I recently ran into a situation where I needed a test file of a specific size. This task is relatively straightforward; however, the catch was that the file had to contain valid text because the test case did a MIME type validation check. This article covers how easy and difficult it can be.

Generate a file with a specific size on Unix

Note

I’ll not get into the semantics of Unix vs. Linux vs. macOS. I defer to the discussion of the subject in askubuntu for that debate.

As with many technical things, it’s relatively easy on Linux using base64 and head with a pipe:

base64 -w 0 /dev/urandom | head -c 18M > output.txt

macOS is just as easy, although the -w flag isn’t needed because it defaults to 0:

base64 /dev/urandom | head -c 18M > output.txt

What is this doing? We’re using base64 to take the binary data from /dev/urandom and encode it into printable characters. The -w 0 flag tells base64 not to wrap the output every 76 characters (the default so that it fits in a standard-sized terminal window).
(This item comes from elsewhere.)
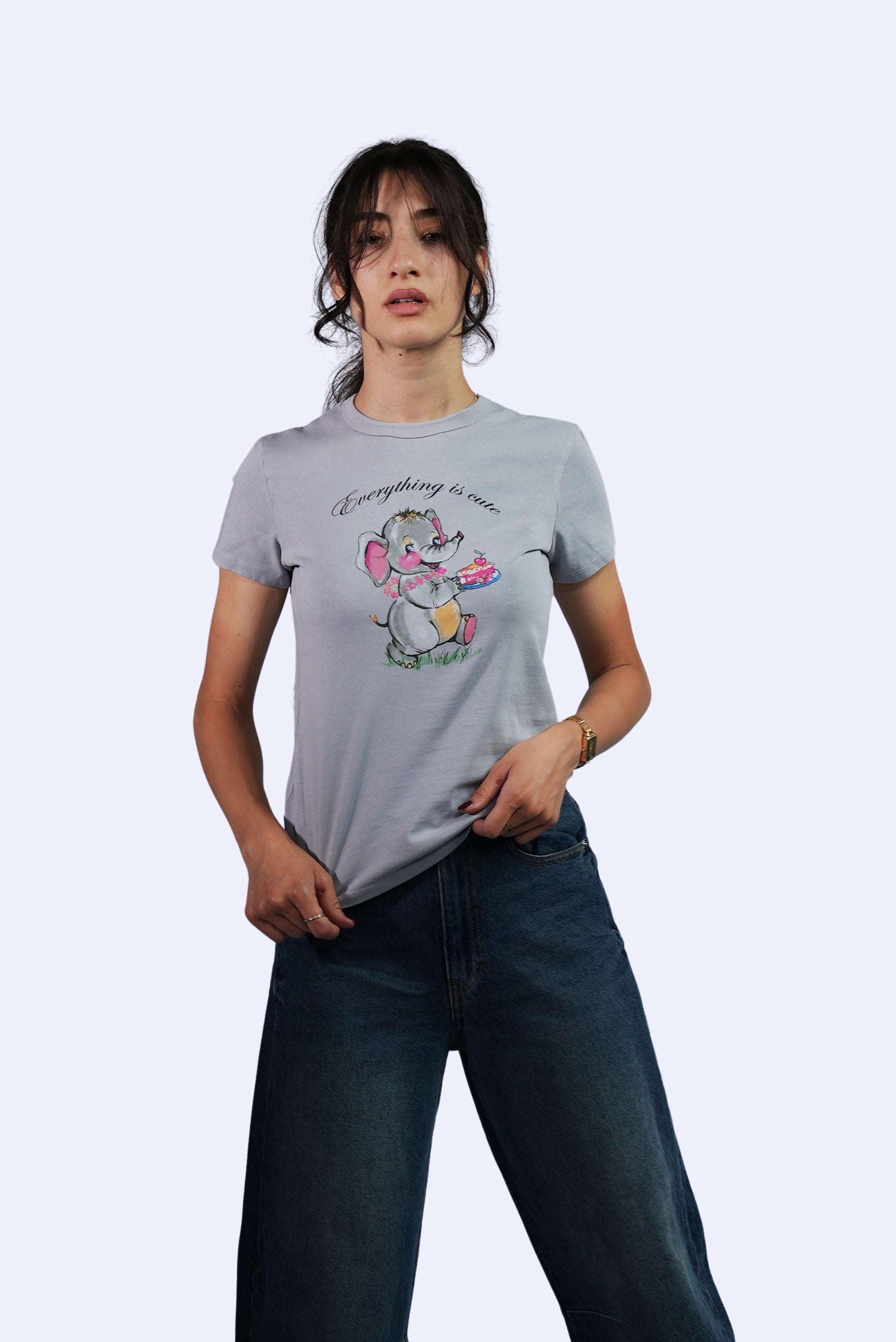 T-shirt gris imprimé éléphant mignon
Next, we pipe the output through to head and use it to print only the first 18 MiB, then output that to a file.

Why is all of this important? Because the file we’re reading from is /dev/urandom, which is a device file that collects entropy from various system sources to serve as a pseudorandom number generator. Device files aren’t files per se but rather an interface to a driver; in this case, the pseudorandom number generator.

Because it’s not a “file,” it doesn’t have a file size. So we’re indirectly asking the pseudorandom number generator how many bytes of data we want.
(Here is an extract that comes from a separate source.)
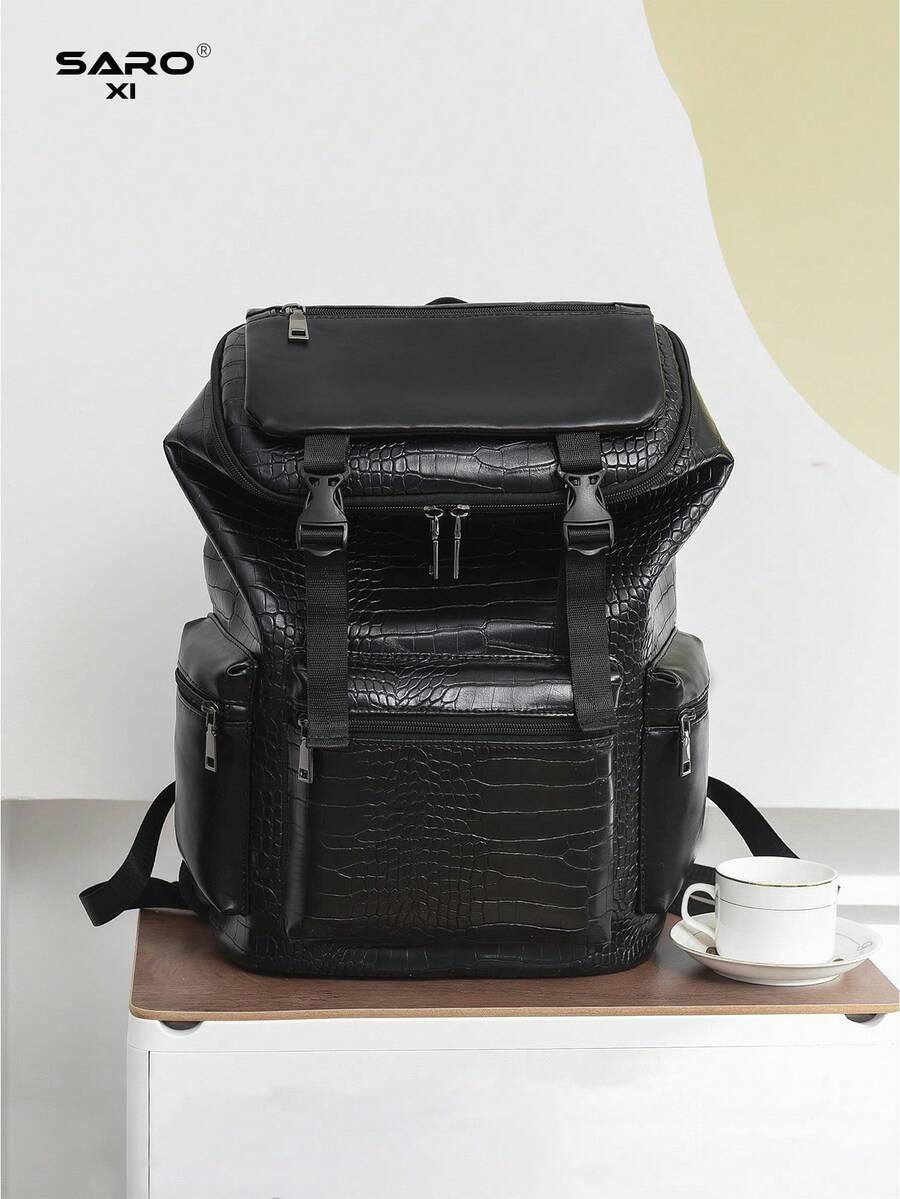 男士时尚双肩包，休闲双肩包，韩版印花大容量旅行电脑包，徒步背包，拉链封口，PVC黑色花卉图案，男士礼物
Running it looks like this:

[jose@webdevbox Documents]$ base64 -w 0 /dev/urandom | head -c 1024 > output.txt

And the output looks like this:

NLnCSJJoKUO6F+XR3xEDL/ktlz6hsyGwHewSumRpB9BI/8R7UL+kZ4h54Fg3CRAqqWaABxmqzCNLMqE8oy3xMlSBwk9pe44wJTs75QhT4QFuUfupYWFxJA

We can use file to confirm it’s really a text file:

[jose@webdevbox Documents]$ file --mime-type output.txt
output.txt: text/plain

Yeah, Unix’s kids are great, but what about Windows?
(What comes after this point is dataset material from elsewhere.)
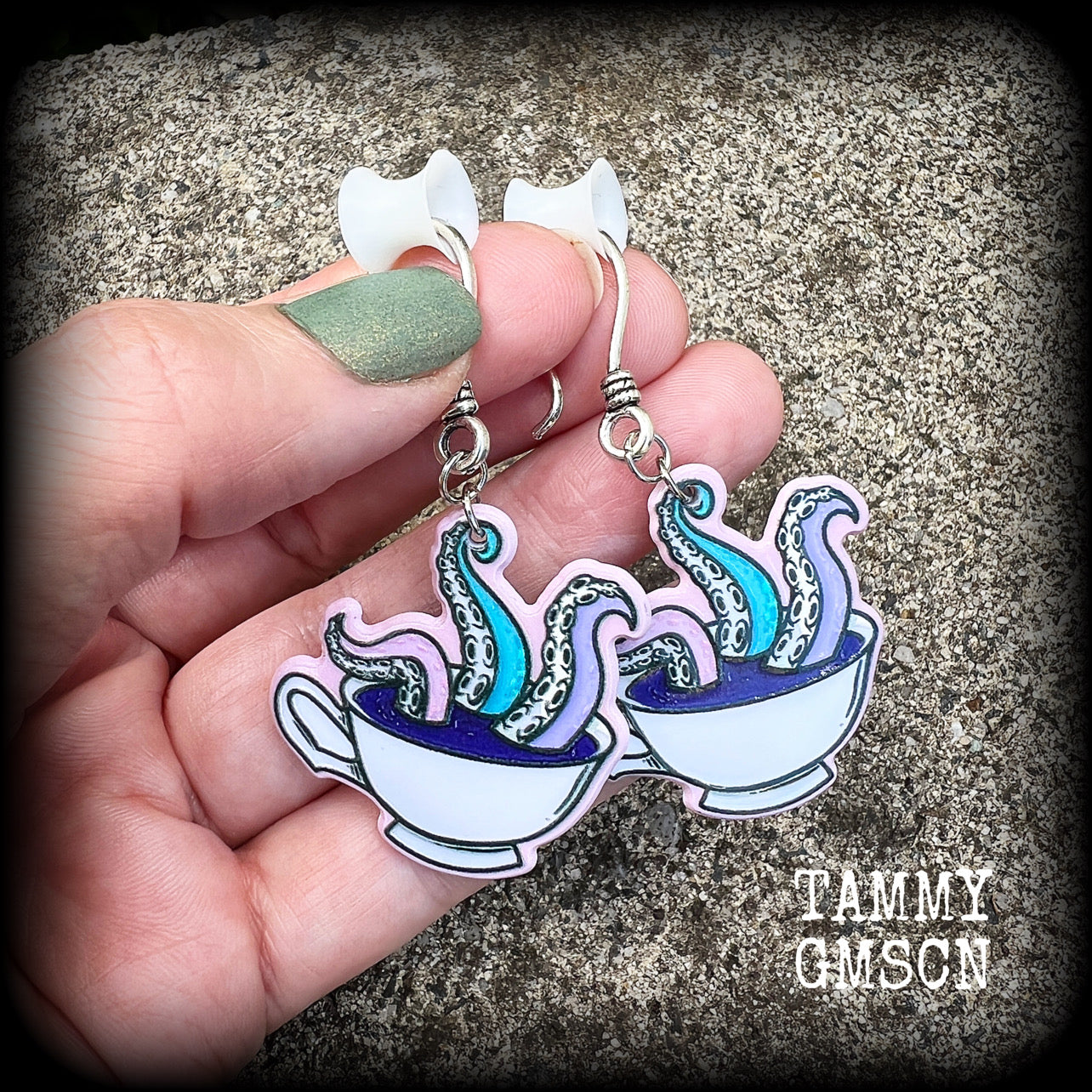 Pastel goth tentacles and teacup earrings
Generate a file with a specific size on Windows

Rather than /dev/urandom, Windows has an abstraction layer to a set of dynamically linked libraries for cryptography called Microsoft CryptoAPI which we don’t use directly. Instead, Cryptographic Service Providers typically use it as part of their service’s security.

As a result, the CryptoAPI is only accessible in source code, often with the CryptGenRandom function. That’s great if you’re using a supported programming language, but not as good for a simple script.

The equivalent RandomNumberGenerator class does exist in .NET, and we can use it in PowerShell to get an array of random bytes with the GetBytes method. However, using it to get 18 MiB of random bytes, then converting them to ASCII is too involved and inefficient.

Luckily, there’s another way by using GeneratePassword that condenses down to this PowerShell one-liner which makes about a 14 MiB file:

1..100000 | % { [System.Web.Security.Membership]::GeneratePassword(70, 3) } >> .\output.txt

So, how does it work? With the above parameters, the GeneratePassword method creates a 70-character password with at least three non-alphanumeric characters. It then makes a hundred thousand of these passwords and outputs them to a file.

However, it’s not very accurate or user-friendly. The actual filesize is 14400002 bytes or approximately 13.7 MiB:

PS C:\Users\User\Documents\Dev\projects\docs\website\techbit> ls


Directory: C:\Users\User\Documents\Dev\projects\docs\website\techbit

Mode                 LastWriteTime         Length Name
----                 -------------         ------ ----
-a----          5/8/2022   9:00 PM       14400002 output.txt

So, I sought to create a proper script that’s more user-friendly and accurate. It turns out that a “proper” PowerShell script is a module. Therefore, convention dictated that I create a PowerShell module called Write-RandomText that accepts a filesize in MiB and a filename, then makes the file with those parameters:

PS C:\Users\User\Documents\Dev\projects\powershell\PowerShell-tutorials> Import-Module .\src\modules\Write-RandomText\Write-RandomText.psm1
PS C:\Users\User\Documents\Dev\projects\powershell\PowerShell-tutorials> Write-RandomText 18 output.txt
PS C:\Users\User\Documents\Dev\projects\powershell\PowerShell-tutorials> ls


Directory: C:\Users\User\Documents\Dev\projects\powershell\PowerShell-tutorials


Mode                 LastWriteTime         Length Name
----                 -------------         ------ ----
-a----         5/21/2022   4:34 PM       18874368 output.txt

It generates a 18874368-byte file, which is exactly 18 MiB.

Convoluted? Yes. Are there better ways? Probably. However, creating a solution is how Windows forces you to learn more. At least, that’s what I keep telling myself is a good reason to keep using Windows.


May 21, 2022 Update: Fixed some typos and readability, but mainly fixed the accuracy of the Write-RandomText module.